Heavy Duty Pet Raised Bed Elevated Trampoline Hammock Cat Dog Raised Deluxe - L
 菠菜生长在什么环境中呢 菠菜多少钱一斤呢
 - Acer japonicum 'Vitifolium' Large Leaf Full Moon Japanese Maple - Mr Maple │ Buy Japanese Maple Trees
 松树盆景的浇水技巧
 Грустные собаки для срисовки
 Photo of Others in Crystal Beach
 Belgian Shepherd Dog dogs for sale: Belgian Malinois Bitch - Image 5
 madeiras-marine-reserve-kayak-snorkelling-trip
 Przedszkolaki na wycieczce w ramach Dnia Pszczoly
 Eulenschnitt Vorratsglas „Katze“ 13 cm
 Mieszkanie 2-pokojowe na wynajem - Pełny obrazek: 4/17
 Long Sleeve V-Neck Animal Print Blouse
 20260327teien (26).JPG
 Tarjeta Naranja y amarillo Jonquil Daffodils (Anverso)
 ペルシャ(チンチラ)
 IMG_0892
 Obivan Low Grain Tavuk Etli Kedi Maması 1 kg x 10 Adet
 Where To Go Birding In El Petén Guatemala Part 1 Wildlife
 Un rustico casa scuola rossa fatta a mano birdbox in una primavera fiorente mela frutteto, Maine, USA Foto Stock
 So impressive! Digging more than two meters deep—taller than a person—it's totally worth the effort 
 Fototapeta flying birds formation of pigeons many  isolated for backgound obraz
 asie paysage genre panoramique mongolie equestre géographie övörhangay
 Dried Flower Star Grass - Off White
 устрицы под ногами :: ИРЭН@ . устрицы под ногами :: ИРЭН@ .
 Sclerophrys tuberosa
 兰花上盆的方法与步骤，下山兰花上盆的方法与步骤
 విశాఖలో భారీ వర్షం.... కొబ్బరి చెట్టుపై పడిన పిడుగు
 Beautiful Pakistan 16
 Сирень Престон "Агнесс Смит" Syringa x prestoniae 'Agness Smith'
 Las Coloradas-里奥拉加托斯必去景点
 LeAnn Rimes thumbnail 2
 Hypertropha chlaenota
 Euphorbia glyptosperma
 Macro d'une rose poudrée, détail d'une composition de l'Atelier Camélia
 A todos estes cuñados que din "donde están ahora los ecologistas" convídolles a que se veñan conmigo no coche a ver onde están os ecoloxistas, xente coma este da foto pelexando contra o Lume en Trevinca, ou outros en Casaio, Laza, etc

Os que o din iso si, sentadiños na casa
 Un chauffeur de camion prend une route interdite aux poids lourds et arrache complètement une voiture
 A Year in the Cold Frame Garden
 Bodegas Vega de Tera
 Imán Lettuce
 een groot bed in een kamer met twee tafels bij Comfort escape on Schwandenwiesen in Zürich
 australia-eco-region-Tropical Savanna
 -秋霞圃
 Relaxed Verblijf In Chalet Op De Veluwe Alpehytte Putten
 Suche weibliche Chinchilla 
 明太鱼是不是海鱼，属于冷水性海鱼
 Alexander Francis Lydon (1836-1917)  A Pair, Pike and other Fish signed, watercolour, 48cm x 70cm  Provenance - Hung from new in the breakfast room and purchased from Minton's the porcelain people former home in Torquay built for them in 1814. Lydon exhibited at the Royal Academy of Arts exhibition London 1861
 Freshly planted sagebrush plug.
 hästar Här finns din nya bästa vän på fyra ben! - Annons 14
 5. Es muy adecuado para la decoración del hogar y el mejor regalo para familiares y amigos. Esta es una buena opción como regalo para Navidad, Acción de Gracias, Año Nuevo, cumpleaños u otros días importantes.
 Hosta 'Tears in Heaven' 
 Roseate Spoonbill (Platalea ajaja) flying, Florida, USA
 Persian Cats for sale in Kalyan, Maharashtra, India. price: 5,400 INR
━━━━━━━━━━━━━━━━━━━━
Show every line above in which the word "sale" occurs.

 Belgian Shepherd Dog dogs for sale: Belgian Malinois Bitch - Image 5
 Persian Cats for sale in Kalyan, Maharashtra, India. price: 5,400 INR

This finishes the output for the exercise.